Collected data
▼
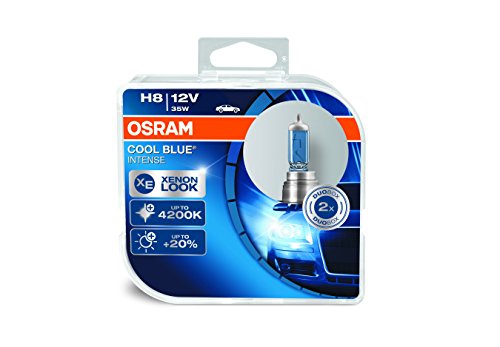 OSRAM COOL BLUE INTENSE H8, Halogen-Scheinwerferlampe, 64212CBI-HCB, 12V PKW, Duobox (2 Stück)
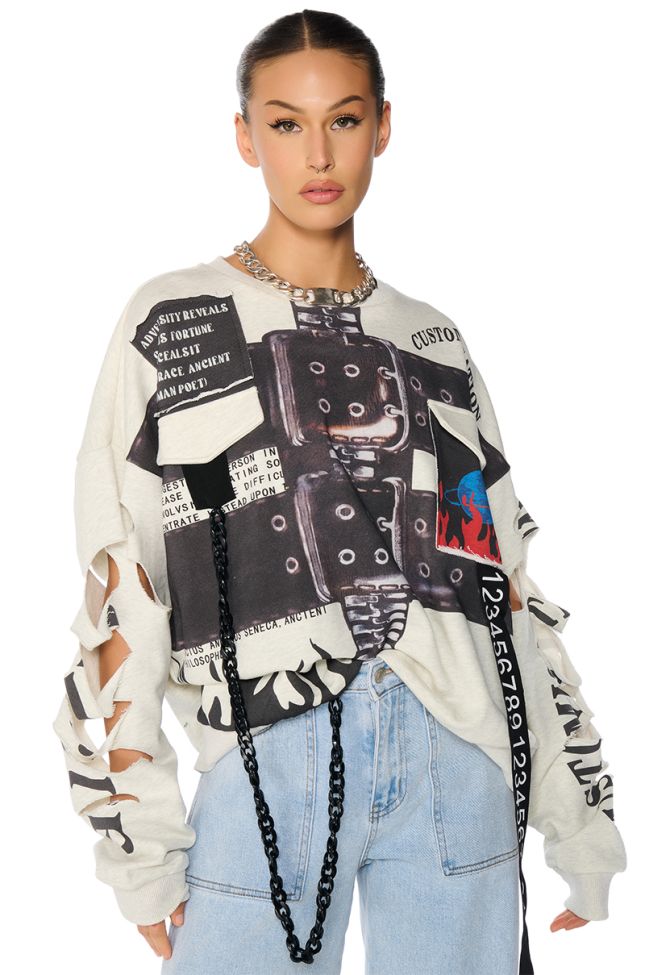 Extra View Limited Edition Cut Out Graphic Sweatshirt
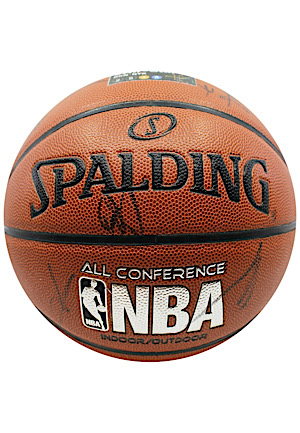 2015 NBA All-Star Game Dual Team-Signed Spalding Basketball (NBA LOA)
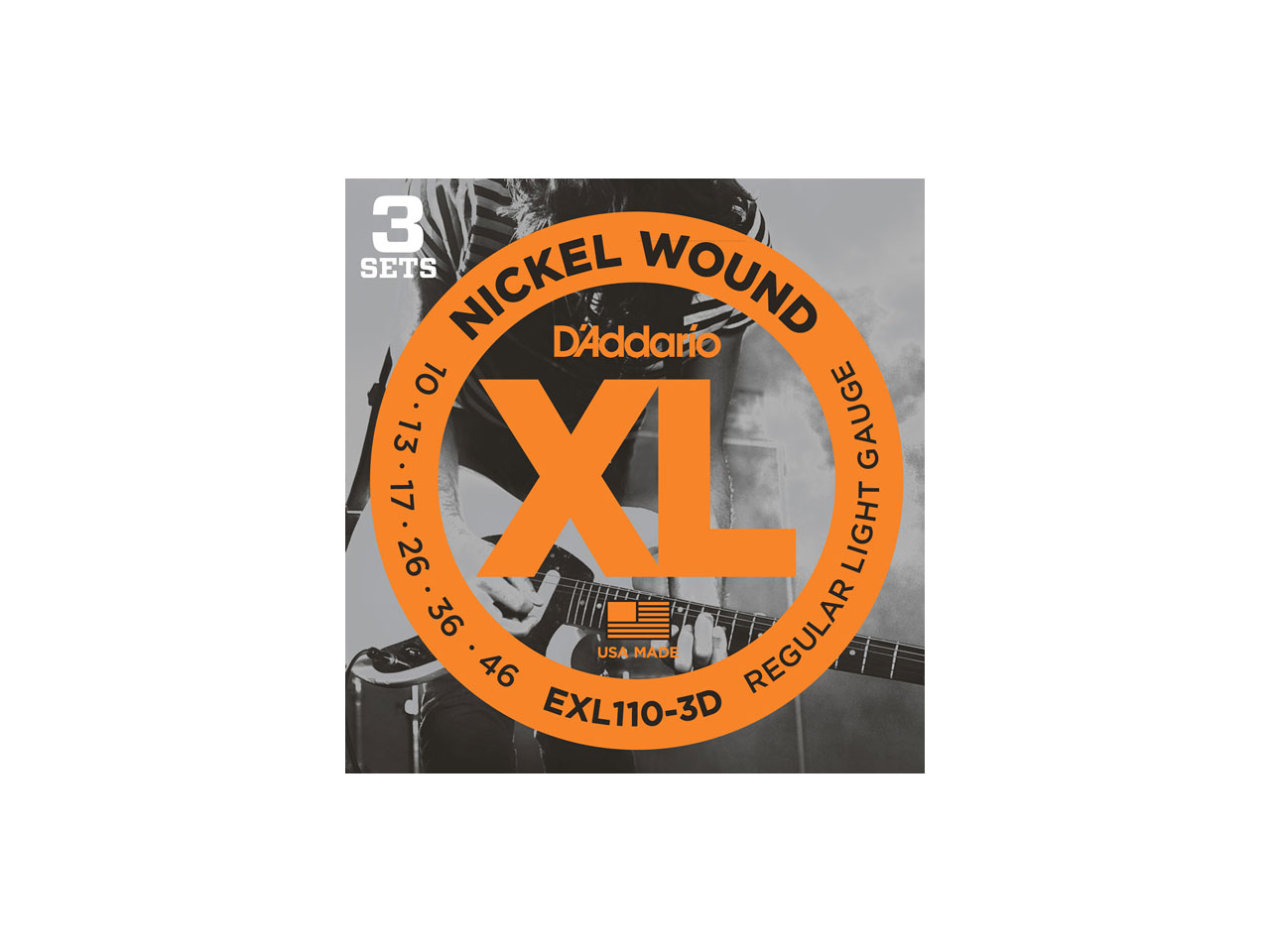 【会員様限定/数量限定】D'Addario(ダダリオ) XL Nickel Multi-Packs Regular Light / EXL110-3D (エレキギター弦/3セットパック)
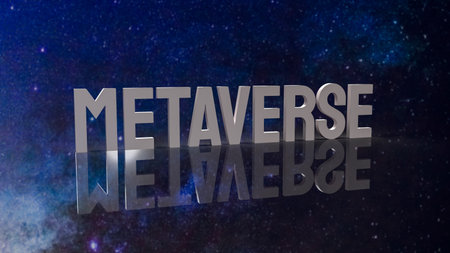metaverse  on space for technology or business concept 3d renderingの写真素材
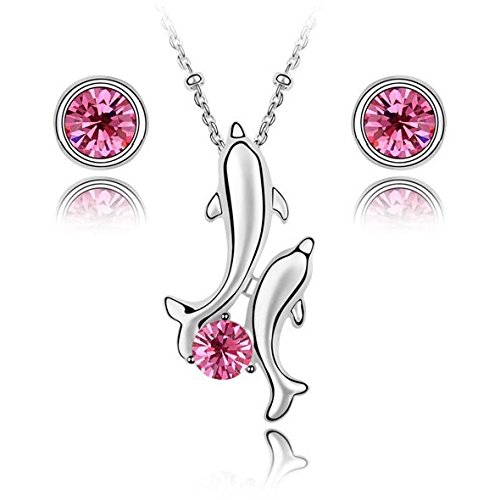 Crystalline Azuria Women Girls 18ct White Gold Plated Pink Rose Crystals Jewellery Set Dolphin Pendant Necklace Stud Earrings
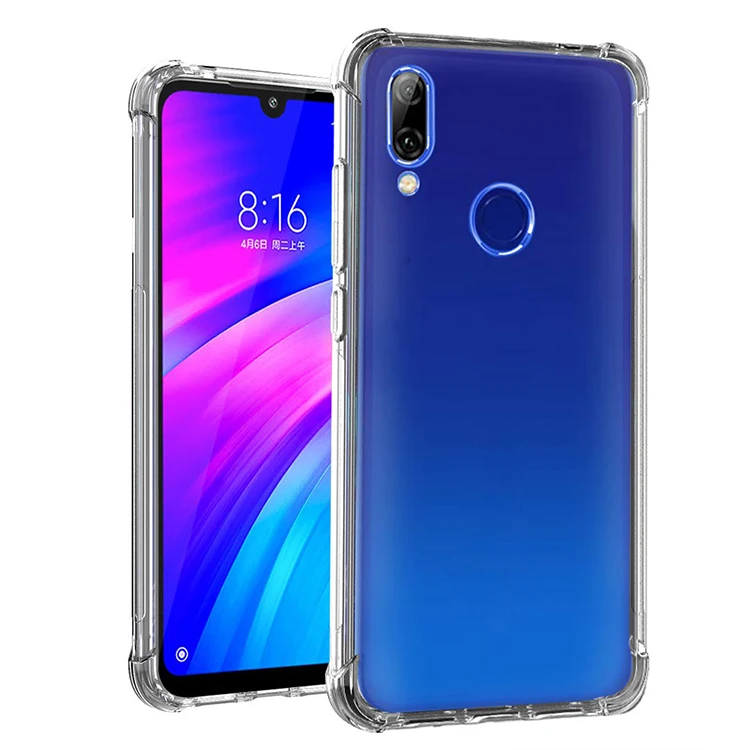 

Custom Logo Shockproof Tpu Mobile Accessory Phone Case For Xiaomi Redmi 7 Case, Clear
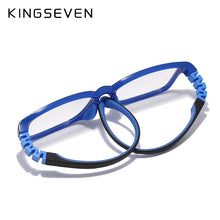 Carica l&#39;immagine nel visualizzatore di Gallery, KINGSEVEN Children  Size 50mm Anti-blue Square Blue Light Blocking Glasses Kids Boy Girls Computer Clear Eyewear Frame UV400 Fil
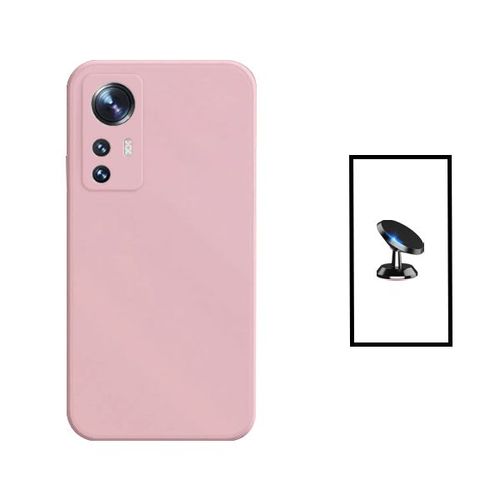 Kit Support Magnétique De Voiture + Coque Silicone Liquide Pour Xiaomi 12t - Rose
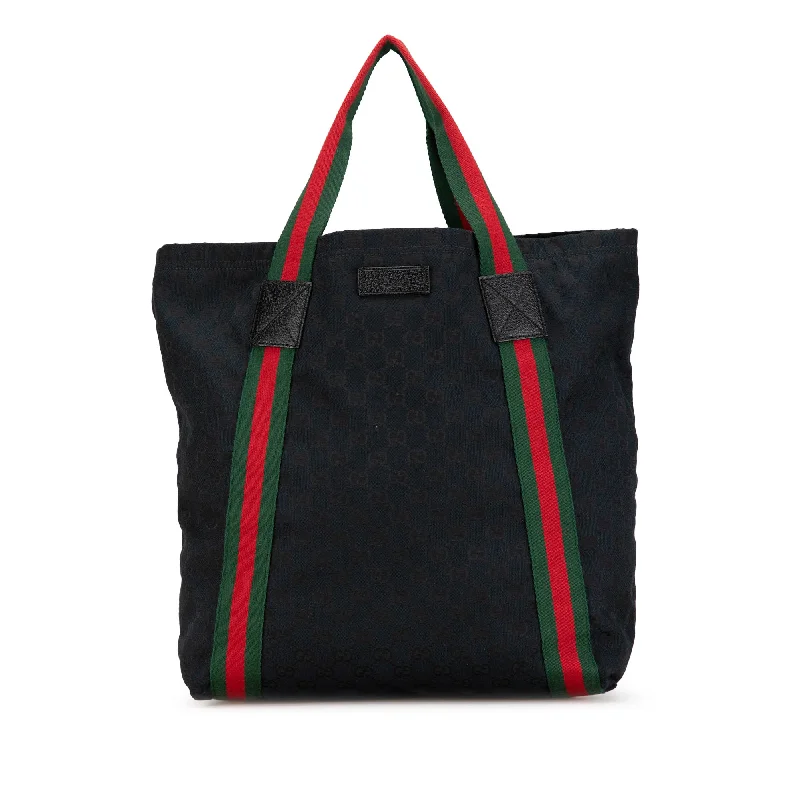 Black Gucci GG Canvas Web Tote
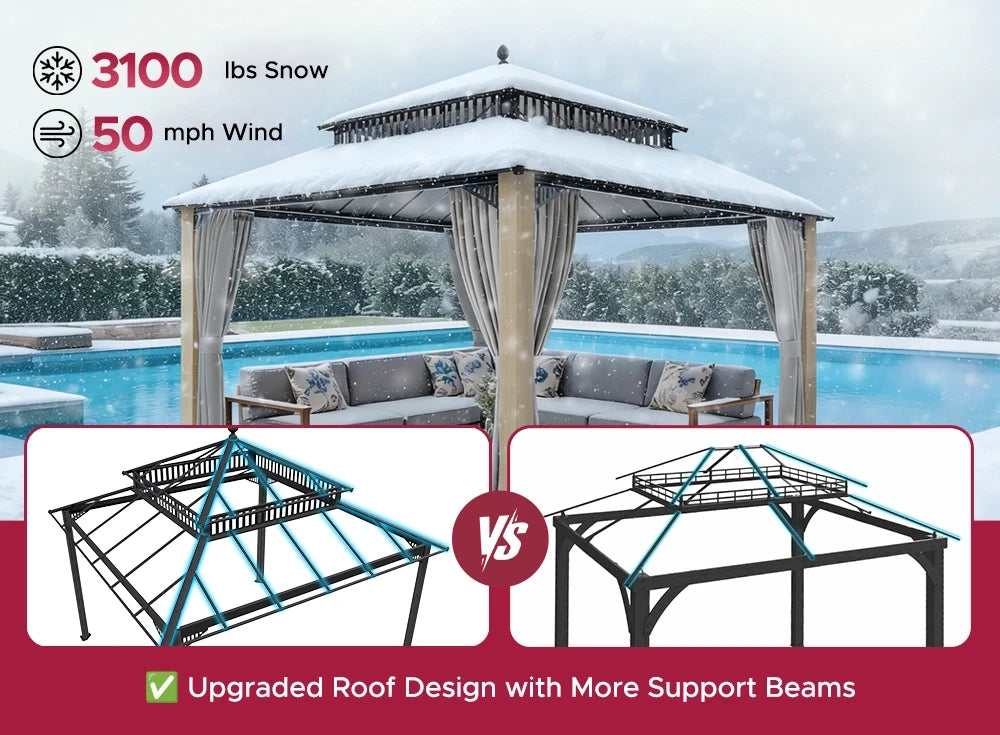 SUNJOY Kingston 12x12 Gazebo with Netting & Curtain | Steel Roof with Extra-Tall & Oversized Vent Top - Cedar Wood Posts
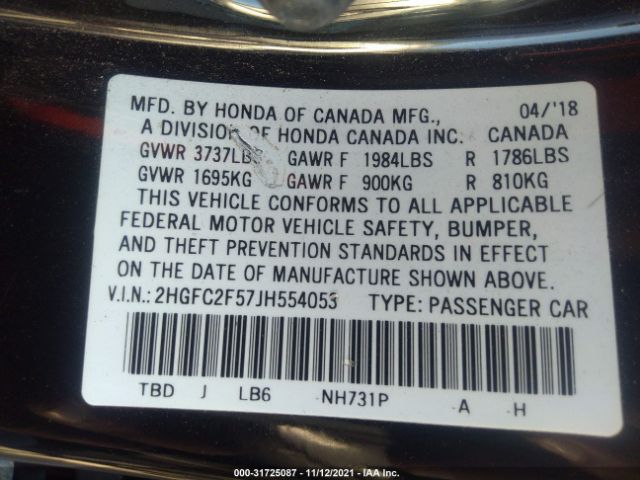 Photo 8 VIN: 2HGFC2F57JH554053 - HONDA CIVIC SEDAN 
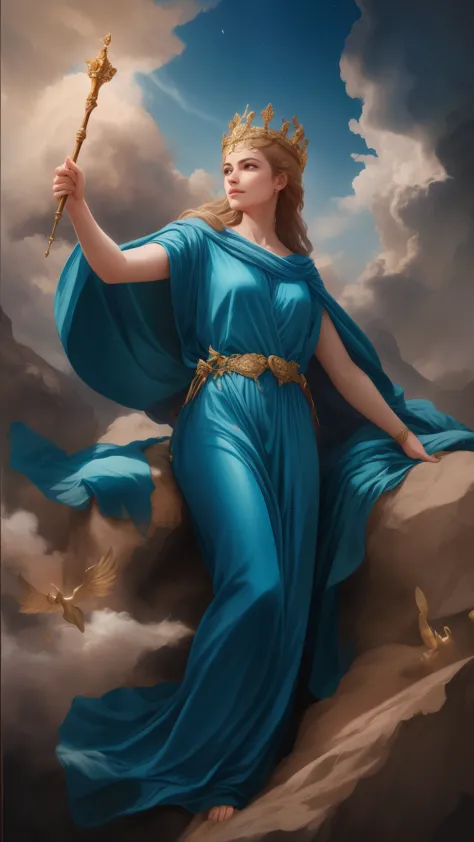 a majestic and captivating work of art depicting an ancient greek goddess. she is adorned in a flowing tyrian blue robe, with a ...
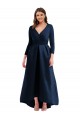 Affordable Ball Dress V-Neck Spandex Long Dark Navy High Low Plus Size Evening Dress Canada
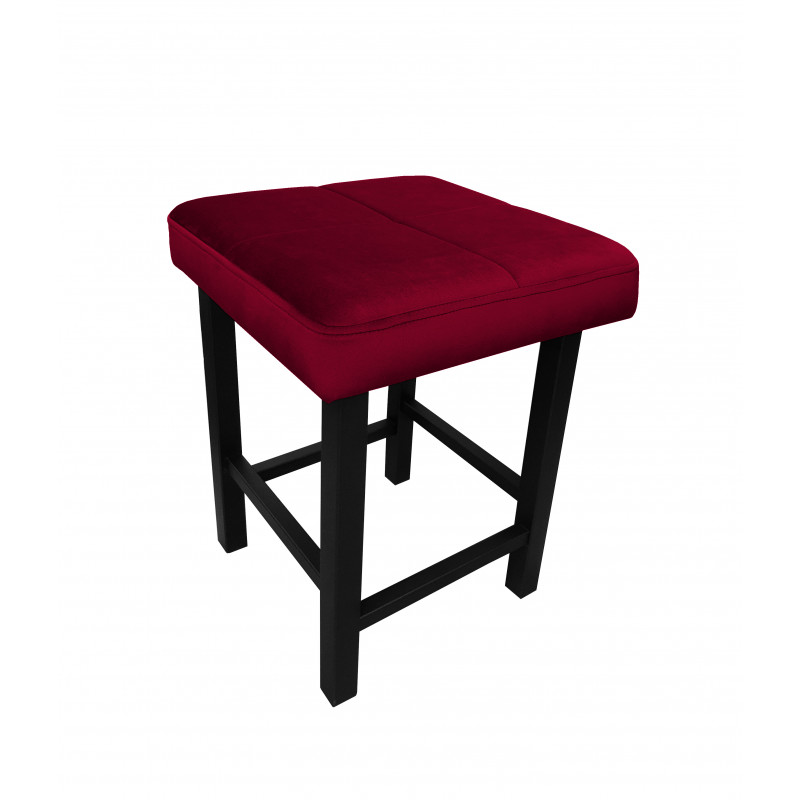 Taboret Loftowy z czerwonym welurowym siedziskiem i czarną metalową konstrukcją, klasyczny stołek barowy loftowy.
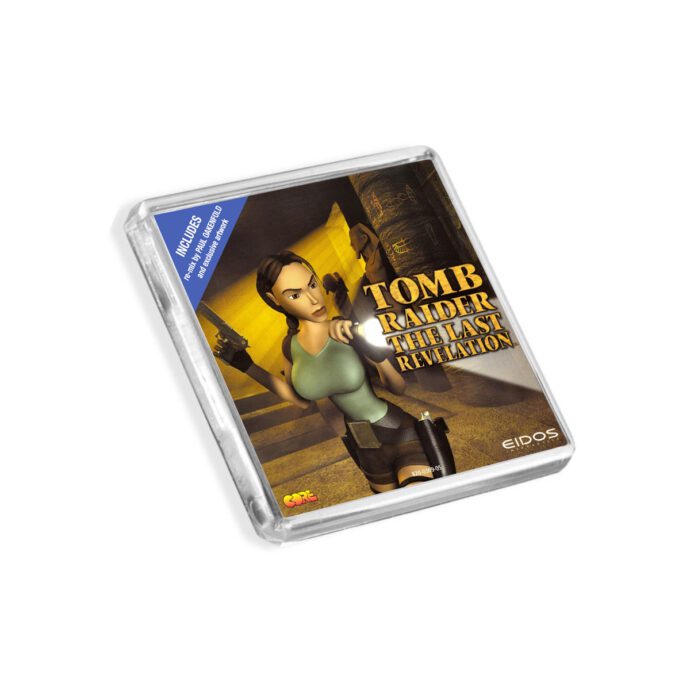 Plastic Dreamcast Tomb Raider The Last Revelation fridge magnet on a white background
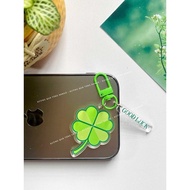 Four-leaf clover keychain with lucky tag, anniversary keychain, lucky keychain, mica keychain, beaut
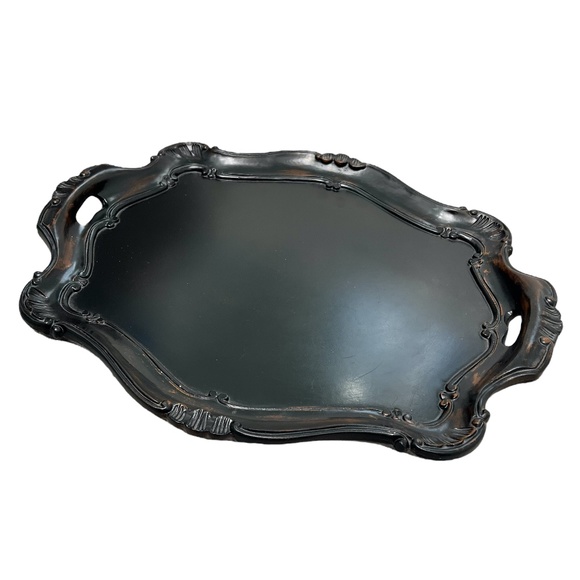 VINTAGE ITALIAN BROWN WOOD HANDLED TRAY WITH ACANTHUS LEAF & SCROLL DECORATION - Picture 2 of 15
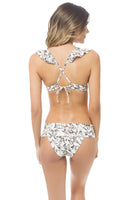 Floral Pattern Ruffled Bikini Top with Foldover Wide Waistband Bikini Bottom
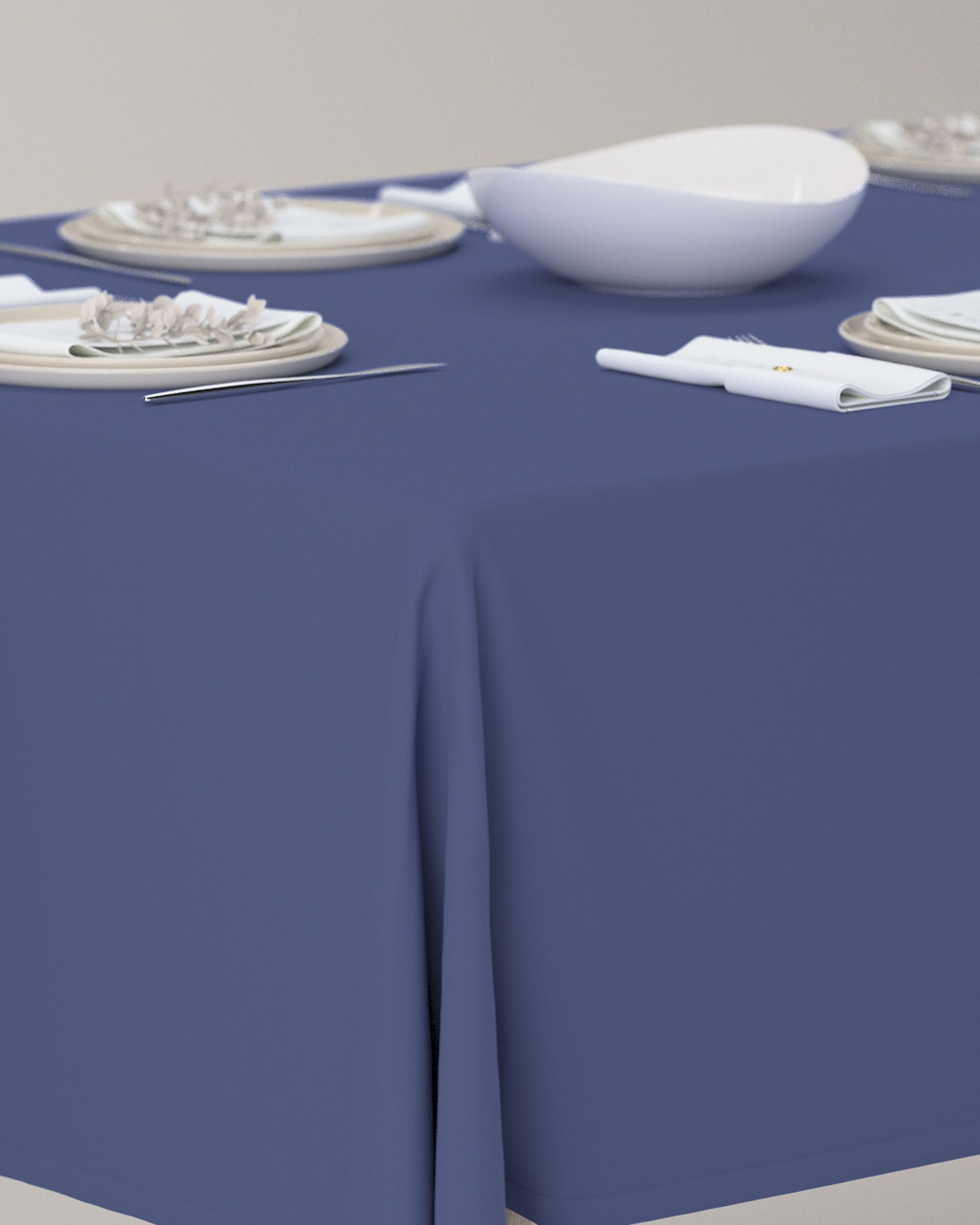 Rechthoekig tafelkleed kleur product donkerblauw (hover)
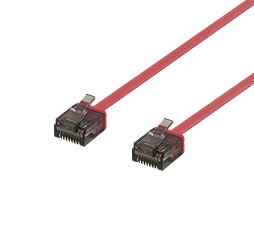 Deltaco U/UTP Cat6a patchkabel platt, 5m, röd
▲
Directions
Precisely the lines from the one containing "Rechthoekig tafelkleed kleur" to the end of the data above, both included, should be printed; leave the pictures out.

Finished task
 Rechthoekig tafelkleed kleur product donkerblauw (hover)
 Deltaco U/UTP Cat6a patchkabel platt, 5m, röd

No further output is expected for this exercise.